A. I think the word ‘legend’ is a bit much (although it is certainly flattering) but I agree there is definitely some vibe around the VCP #1 thing (VMware Certified Professional). It’s one of the strangest and sweetest things that have ever happened to me. I didn’t know at the time it would become such a big deal, but I regularly get people asking for my autograph and for me to take photos with them. It’s really funny and I’m finally starting to enjoy that people care enough about it to even mention it. The first time I took the VMware course (on ESX 1.5) there wasn’t a VCP exam yet. I was working as a consultant for a partner at the time, but ended up going to VMware about 8 months after the course. The first week I started at VMware I took the VMware ESX 1.52 course and this time they had a certification exam – which we had to write on PAPER. The worst part was that we didn’t find out if we passed or failed for 6 weeks or something. It was pretty nerve wracking. Later I found out that the two guys I was friends with in the class (Ferhan Khan and Michael Cambian) were VCP #2 and VCP #3. It’s funny how we all ended up the first three VCPs in the world.

Q. What is your primary responsibility in your current role?

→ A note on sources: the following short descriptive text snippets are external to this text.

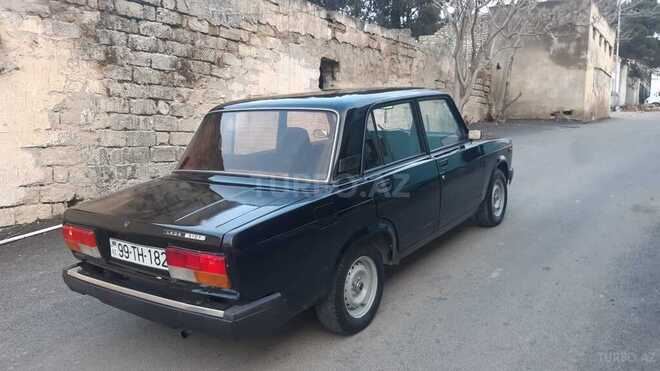 LADA (VAZ) 2107 2006, 45,000 km - 1.6 л - Bakı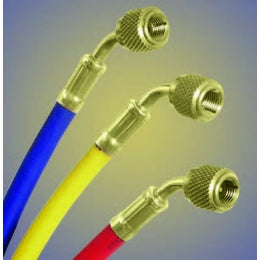 UNIWELD Uniweld H3SMBR Manifold Hose - 36-Inch Soft Magic Barrier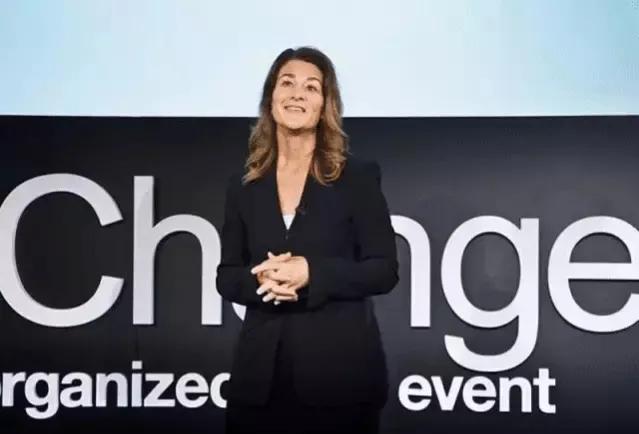 比尔盖茨和梅琳达为什么离婚,梅琳达与盖茨离婚豪宅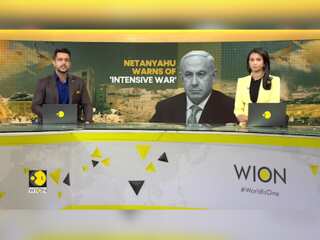 Lebanon War: Israel And Hezbollah Trade Accusations Of Ceasefire Violations | World DNA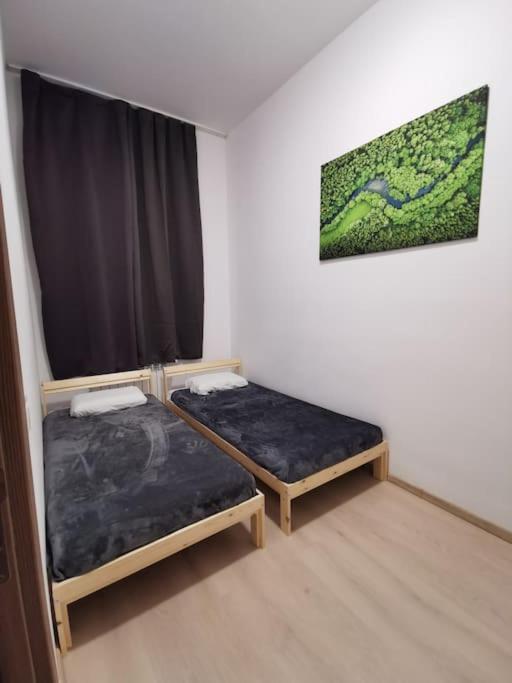 Apartment Cool Wenen Buitenkant foto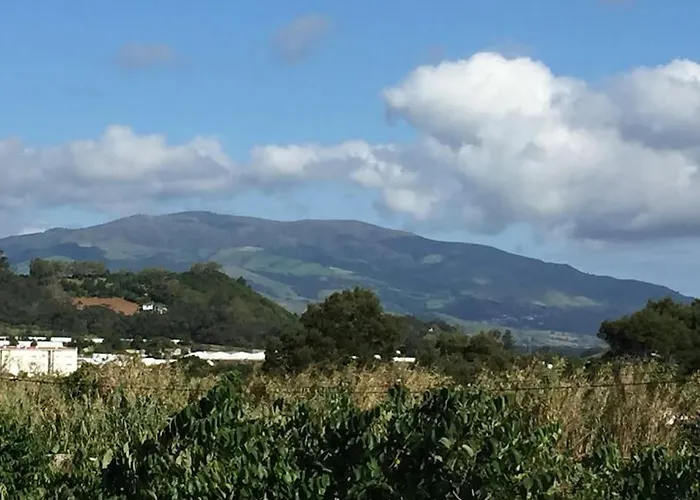 Villa Familia Ponta Delgada 
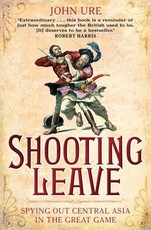 Shooting Leave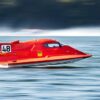 À Poses, les 24H motonautiques rallument la flamme d’une course mythique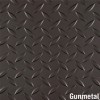 LonPlate 1 Commercial Vinyl Rolls 6x60 Ft Gunmetal main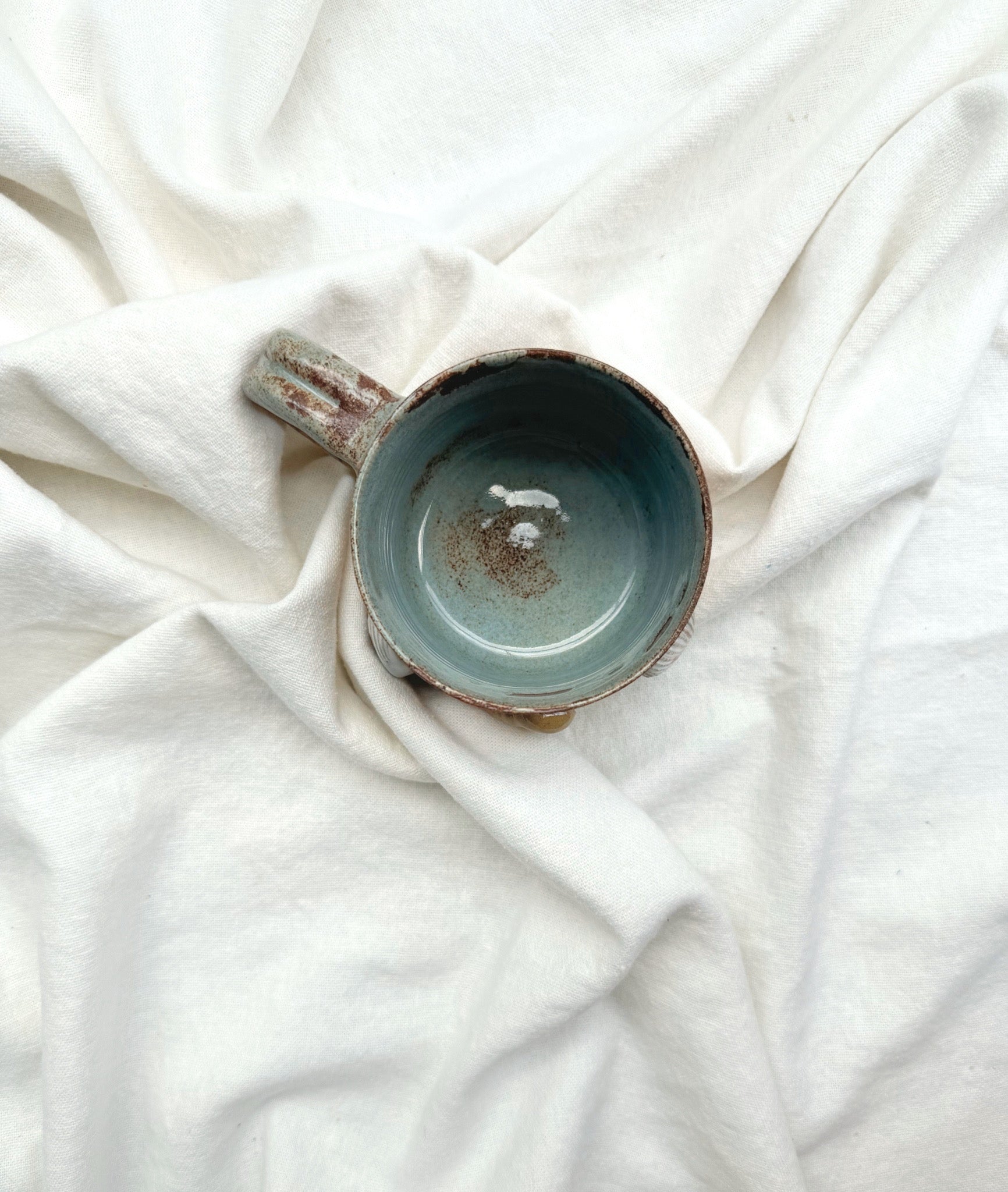 Shoreline Stories Mug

A. One of the most important responsibilities of my role is to bring awareness to the fact that ESXi is the only VMware hypervisor going forward. In July 2010 we announced that VMware ESX was going away and the next major release would have ESXi as the only platform. It is amazing how many people didn’t realize that when I started with this program. It’s been a major focus for me for all of 2011. Most of what the team has been working on is at the ESXi Info Center here: http://www.vmware.com/products/vsphere/esxi-and-esx/

Q. VMware ESXi may be new to some readers. Can you talk about what ESXi is and provide some historical background on its development?

A. Introduced in 2007, ESXi is the most advanced hypervisor in the market today. It is a “bare-metal” hypervisor and is thinner, lighter, more secure and easier to manage than ESX. ESXi also has a great advantage over other hypervisors due to the fact that it has complete independence from an Operating System. This is key because the hypervisor is the foundation to your private or hybrid cloud and you need it to be solid.

Q. Is ESXi experimental or for non-production use? What is VMware’s support stance on ESXi?

A. ESXi is absolutely designed for production use. It is a fully featured hypervisor that delivers greater performance, reliability, security and scalability than ESX. It can be used to run any of the advanced features of vSphere in a multitude of use cases. In fact, ESXi is already used in Production by a large percentage of VMware customers. We do have an entry level product called VMware vSphere Hypervisor which is based on ESXi but has limited management capabilities and doesn’t give users the advanced features such as high availability, live migration, power management, automatic load balancing, etc. Our support stance on ESXi is the same as our other solutions. We have Production Support (24×7), Basic Support (normal business hours) and Per-Incident Support.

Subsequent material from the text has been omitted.